Although inconvenient, trusting different vendors for different pieces of this technological assembly line is the best way to prevent it from becoming abused. Many software use open protocols, communication schemes that are agreed upon and freely available to everyone3. Then, independent parties develop and maintain lots of different software that all speak the same protocol, so if you don’t trust a particular service to have an app that doesn’t encrypt its data properly, you can just choose to use a different one by someone who you trust more.

Email is a famous case of this: if I sign up for an email account with Outlook, I don’t have to use a proprietary Outlook client. I could if I wanted, and I imagine that there may be some features that Microsoft has added specifically to the Outlook website and apps, but since they claim to conform to the open email specifications, I can just choose to use a different one.

On top of that, email is federated, which means that if I didn’t like Outlook’s services, I could switch to a different provider and still be able to chat with people on Outlook, unlike many of today’s siloed services where I can’t just message people on Facebook if I only have an account on Twitter, since they don’t talk to each other using the same protocol.

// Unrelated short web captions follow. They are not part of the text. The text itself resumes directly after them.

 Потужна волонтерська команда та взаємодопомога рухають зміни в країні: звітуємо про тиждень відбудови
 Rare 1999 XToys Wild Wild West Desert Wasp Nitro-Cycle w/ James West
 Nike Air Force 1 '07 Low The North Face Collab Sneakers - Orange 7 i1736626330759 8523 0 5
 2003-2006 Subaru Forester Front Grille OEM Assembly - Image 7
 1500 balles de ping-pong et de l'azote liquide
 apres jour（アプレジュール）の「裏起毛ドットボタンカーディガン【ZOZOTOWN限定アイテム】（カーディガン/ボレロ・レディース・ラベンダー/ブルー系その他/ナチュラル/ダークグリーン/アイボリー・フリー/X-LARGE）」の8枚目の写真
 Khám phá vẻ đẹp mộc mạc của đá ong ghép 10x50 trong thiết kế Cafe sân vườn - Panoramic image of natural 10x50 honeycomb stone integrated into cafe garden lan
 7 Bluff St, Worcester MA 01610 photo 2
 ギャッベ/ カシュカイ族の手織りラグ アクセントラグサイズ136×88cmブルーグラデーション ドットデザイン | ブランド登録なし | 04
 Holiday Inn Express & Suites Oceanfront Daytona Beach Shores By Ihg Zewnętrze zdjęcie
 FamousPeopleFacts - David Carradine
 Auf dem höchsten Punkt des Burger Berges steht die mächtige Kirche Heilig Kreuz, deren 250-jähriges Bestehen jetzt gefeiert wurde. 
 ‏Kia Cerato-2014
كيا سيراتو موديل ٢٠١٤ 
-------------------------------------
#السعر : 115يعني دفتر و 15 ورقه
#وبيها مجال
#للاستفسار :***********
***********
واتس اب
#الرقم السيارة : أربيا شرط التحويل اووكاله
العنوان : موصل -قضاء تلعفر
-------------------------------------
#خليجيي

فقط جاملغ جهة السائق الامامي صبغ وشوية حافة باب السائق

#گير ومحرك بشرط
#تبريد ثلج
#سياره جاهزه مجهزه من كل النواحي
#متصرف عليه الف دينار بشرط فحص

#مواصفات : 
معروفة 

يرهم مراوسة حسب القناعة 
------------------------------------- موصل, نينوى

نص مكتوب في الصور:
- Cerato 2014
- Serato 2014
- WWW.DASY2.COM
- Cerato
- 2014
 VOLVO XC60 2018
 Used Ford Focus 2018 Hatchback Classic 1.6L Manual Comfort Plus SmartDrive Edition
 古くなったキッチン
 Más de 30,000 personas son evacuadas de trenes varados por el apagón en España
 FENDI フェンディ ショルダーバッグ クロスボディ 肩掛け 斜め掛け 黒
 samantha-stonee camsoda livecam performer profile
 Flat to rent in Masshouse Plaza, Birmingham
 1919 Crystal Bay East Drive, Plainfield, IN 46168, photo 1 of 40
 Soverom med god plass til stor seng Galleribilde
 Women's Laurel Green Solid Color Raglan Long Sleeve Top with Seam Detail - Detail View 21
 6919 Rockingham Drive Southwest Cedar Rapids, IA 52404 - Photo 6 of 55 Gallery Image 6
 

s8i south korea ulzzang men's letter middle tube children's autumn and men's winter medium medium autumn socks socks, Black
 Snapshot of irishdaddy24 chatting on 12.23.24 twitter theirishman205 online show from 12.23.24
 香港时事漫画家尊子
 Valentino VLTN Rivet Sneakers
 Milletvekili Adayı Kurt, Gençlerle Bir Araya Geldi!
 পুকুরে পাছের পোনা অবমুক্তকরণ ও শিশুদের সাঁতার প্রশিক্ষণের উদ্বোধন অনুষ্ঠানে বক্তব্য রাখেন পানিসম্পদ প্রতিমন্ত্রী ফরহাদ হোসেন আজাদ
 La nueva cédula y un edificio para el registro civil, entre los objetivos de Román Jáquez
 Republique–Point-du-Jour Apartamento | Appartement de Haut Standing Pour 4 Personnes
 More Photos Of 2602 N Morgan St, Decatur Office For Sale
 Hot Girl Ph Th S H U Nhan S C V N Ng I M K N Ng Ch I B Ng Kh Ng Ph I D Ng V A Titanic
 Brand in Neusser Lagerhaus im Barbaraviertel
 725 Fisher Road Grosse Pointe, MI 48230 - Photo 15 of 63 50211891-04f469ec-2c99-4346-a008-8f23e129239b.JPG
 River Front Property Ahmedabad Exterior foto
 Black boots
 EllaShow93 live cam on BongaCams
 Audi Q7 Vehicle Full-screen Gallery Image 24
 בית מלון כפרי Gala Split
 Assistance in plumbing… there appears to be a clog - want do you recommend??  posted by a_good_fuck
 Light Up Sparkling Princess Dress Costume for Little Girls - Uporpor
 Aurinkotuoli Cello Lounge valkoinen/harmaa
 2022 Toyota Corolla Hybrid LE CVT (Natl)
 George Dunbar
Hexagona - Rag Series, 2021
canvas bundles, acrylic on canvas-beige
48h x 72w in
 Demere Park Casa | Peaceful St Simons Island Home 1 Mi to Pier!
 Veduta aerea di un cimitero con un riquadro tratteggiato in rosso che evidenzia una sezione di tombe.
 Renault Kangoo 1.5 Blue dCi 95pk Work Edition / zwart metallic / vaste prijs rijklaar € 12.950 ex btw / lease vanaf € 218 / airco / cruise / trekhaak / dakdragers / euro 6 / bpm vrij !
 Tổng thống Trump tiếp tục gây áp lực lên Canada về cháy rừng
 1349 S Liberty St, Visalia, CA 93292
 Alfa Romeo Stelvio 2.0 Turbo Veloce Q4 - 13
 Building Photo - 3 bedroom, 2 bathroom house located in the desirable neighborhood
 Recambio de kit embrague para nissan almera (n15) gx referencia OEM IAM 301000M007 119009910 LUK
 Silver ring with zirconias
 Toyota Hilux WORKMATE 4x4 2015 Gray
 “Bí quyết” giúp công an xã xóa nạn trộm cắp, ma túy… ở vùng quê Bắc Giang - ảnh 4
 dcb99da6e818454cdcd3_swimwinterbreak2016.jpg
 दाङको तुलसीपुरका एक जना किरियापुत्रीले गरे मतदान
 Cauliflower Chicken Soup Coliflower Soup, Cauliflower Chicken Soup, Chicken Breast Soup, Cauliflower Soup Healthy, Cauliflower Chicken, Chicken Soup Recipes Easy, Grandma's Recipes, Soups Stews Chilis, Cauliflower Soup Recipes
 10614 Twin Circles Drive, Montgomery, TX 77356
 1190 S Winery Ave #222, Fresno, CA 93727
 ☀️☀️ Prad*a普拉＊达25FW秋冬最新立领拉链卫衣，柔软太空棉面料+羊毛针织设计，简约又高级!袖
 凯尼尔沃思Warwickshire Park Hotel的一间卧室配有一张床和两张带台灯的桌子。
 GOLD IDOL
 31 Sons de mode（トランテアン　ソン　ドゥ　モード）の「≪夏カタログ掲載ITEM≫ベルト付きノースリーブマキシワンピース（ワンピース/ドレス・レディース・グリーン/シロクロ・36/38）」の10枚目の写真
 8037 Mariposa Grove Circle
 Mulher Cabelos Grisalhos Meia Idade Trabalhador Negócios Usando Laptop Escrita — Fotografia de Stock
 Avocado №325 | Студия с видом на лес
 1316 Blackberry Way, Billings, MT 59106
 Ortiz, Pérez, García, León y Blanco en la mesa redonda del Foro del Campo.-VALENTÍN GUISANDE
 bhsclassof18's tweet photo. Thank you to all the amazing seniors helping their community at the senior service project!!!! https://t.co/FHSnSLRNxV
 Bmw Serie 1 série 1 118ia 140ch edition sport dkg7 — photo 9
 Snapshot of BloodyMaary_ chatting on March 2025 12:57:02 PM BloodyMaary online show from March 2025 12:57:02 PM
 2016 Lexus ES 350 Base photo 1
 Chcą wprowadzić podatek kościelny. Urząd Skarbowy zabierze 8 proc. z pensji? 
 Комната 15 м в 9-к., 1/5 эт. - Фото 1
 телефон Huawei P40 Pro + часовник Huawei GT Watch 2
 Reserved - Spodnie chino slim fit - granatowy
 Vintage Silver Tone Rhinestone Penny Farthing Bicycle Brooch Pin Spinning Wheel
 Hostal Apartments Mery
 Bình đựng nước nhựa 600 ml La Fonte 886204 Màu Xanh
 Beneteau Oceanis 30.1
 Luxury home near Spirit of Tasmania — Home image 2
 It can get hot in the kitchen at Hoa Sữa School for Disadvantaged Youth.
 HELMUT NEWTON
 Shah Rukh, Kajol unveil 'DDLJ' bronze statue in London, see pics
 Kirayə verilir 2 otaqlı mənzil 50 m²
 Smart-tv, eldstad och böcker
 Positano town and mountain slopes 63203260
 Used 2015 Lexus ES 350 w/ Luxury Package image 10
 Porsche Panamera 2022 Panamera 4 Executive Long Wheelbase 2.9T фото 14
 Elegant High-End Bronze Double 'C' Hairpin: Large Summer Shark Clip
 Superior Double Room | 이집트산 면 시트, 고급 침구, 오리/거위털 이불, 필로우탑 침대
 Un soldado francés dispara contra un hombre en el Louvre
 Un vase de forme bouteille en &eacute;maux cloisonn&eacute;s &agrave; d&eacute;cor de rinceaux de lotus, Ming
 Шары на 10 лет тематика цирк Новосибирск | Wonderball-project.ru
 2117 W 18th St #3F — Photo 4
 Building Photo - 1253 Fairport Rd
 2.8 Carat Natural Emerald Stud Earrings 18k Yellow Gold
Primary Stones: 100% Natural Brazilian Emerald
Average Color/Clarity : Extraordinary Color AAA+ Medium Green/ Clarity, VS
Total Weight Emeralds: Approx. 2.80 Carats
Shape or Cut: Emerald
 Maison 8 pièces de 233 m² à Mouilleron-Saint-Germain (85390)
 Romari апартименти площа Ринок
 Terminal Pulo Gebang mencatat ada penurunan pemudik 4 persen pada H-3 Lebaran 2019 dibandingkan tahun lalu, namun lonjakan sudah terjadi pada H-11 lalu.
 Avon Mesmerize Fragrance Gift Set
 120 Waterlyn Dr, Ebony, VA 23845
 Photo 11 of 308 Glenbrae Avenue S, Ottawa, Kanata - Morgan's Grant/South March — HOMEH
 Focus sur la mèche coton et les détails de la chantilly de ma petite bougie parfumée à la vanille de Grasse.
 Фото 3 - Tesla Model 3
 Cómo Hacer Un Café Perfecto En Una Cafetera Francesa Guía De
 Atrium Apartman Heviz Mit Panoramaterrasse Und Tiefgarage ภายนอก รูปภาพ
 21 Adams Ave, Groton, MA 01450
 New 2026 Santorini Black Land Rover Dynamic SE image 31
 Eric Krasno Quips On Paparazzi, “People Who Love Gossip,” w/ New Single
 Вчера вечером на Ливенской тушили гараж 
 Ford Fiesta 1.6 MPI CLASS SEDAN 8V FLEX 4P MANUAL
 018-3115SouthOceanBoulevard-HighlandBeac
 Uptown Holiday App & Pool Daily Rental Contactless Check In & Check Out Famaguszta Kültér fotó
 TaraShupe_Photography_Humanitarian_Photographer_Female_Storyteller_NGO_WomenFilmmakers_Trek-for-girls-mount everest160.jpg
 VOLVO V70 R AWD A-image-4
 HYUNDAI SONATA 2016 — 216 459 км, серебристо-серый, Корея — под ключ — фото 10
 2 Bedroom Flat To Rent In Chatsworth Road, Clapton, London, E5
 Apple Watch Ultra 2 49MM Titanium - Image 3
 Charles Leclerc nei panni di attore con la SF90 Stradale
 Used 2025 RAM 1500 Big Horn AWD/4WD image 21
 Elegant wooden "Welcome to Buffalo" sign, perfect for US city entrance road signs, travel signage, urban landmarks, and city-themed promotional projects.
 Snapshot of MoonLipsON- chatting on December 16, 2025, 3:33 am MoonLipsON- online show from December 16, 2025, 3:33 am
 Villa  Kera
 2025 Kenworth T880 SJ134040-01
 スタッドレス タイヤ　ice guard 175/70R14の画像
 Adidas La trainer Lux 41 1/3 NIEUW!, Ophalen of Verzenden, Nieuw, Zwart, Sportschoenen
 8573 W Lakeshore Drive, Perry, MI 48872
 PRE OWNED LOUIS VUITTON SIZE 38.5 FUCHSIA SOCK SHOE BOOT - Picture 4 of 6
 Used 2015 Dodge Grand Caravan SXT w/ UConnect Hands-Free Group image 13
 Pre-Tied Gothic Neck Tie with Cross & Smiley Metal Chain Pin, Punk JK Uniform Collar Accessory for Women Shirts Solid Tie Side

Matrix is a new chat network that also follows in the same spirit as email, but also has the benefits of multi-party encryption. There are multiple apps and servers, and servers can federate with each other using an open protocol. I would strongly recommend people who are interested in privacy to consider it.

Conclusion

Why care? This might just seem to be some superficial political concern by privacy advocates who warn of dangerous edge cases that only matter to people whose rights are being violated by some dystopian government. Well, to put it bluntly, that dystopia is now, and it’s not just the government we should be afraid of, but tech megacorps who possibly have even more power.

We live in a digital world, so it’s important to know how it works and who’s in control.

Footnotes

  1. Not exactly; encryption by default is not authenticated. That means while the data is protected in transit, there’s no guarantee that the recipient is actually who they say they are. I know only the recipient received my message, but I don’t know for sure the recipient is Nathan. In practice, browsers use PKI infrastructure to solve this, which relies on a certificate chain that is distributed by browser or operating system vendors.

  2. Governments and other parties with enough computational resources may still be able to undermine specific levels of security, or just threaten you personally until they get what they want.

  3. Large corporations typically still have majority representation in the committees that decide on the most impactful specifications, but these are still made available to researchers who can analyze and critique it.